Start of Dataset section

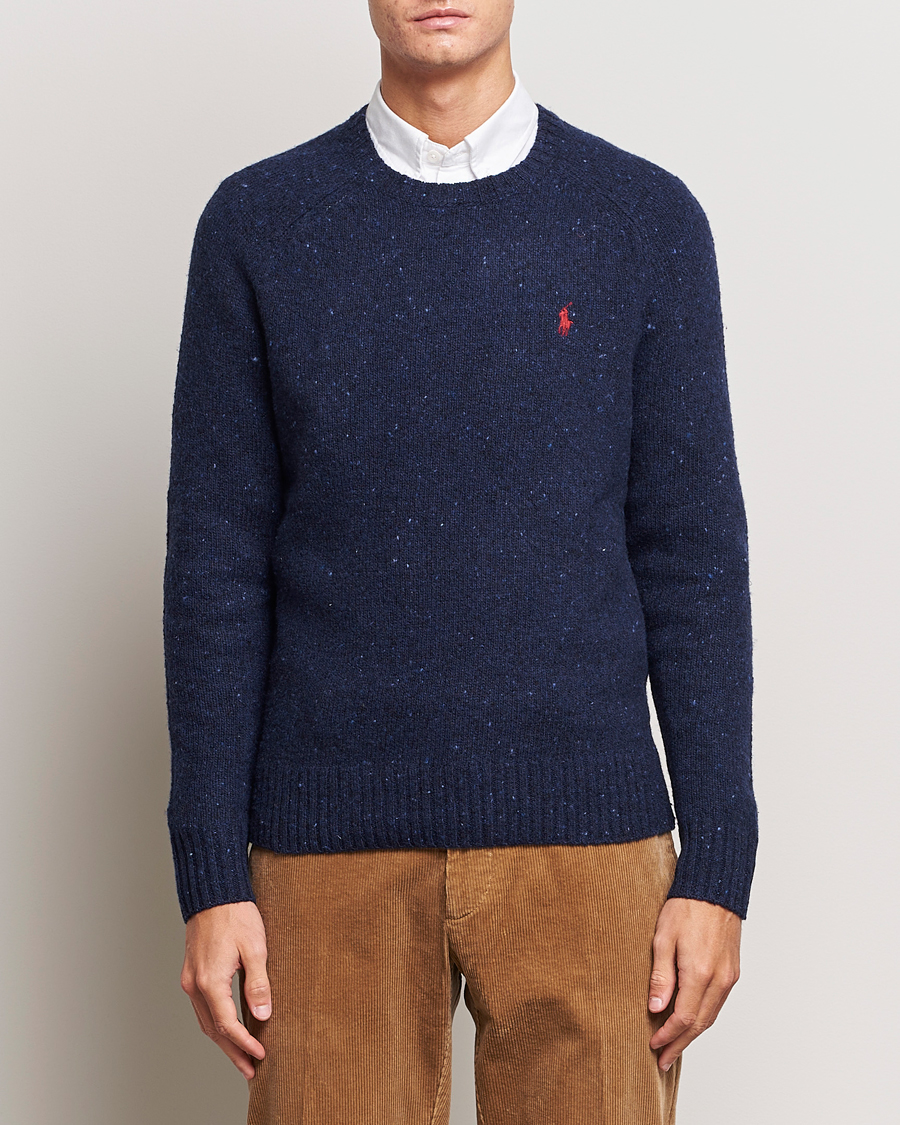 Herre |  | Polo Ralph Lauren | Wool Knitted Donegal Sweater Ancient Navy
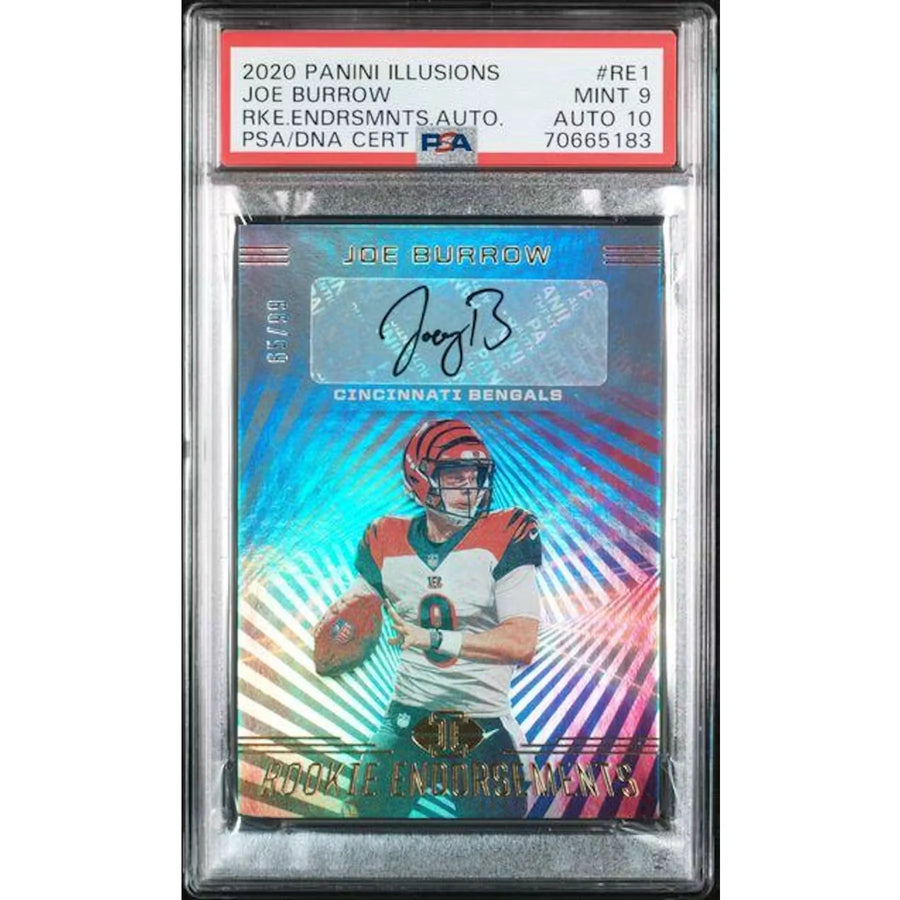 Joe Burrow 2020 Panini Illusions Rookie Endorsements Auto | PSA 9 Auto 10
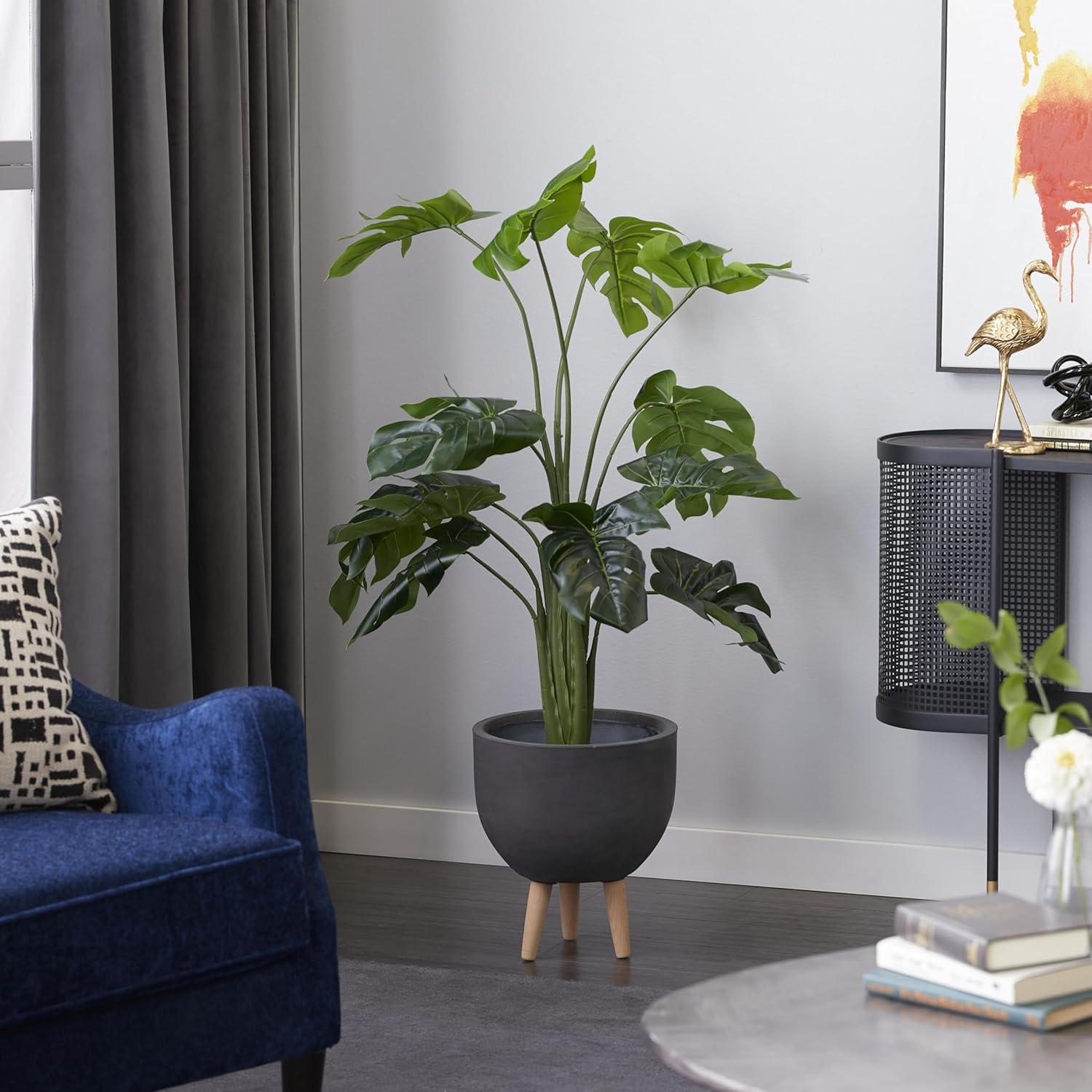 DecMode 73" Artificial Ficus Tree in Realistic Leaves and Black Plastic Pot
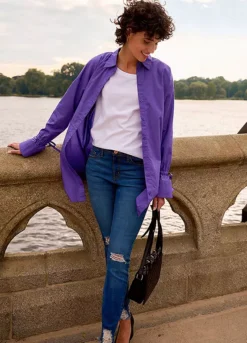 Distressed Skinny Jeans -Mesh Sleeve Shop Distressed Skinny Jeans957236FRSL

End of Dataset section

▸ **How to complete this task**
Leave every image out, and retype the material exactly.

▸ **Answer to the problem**
 Herre |  | Polo Ralph Lauren | Wool Knitted Donegal Sweater Ancient Navy
 Joe Burrow 2020 Panini Illusions Rookie Endorsements Auto | PSA 9 Auto 10
 DecMode 73" Artificial Ficus Tree in Realistic Leaves and Black Plastic Pot
 Distressed Skinny Jeans -Mesh Sleeve Shop Distressed Skinny Jeans957236FRSL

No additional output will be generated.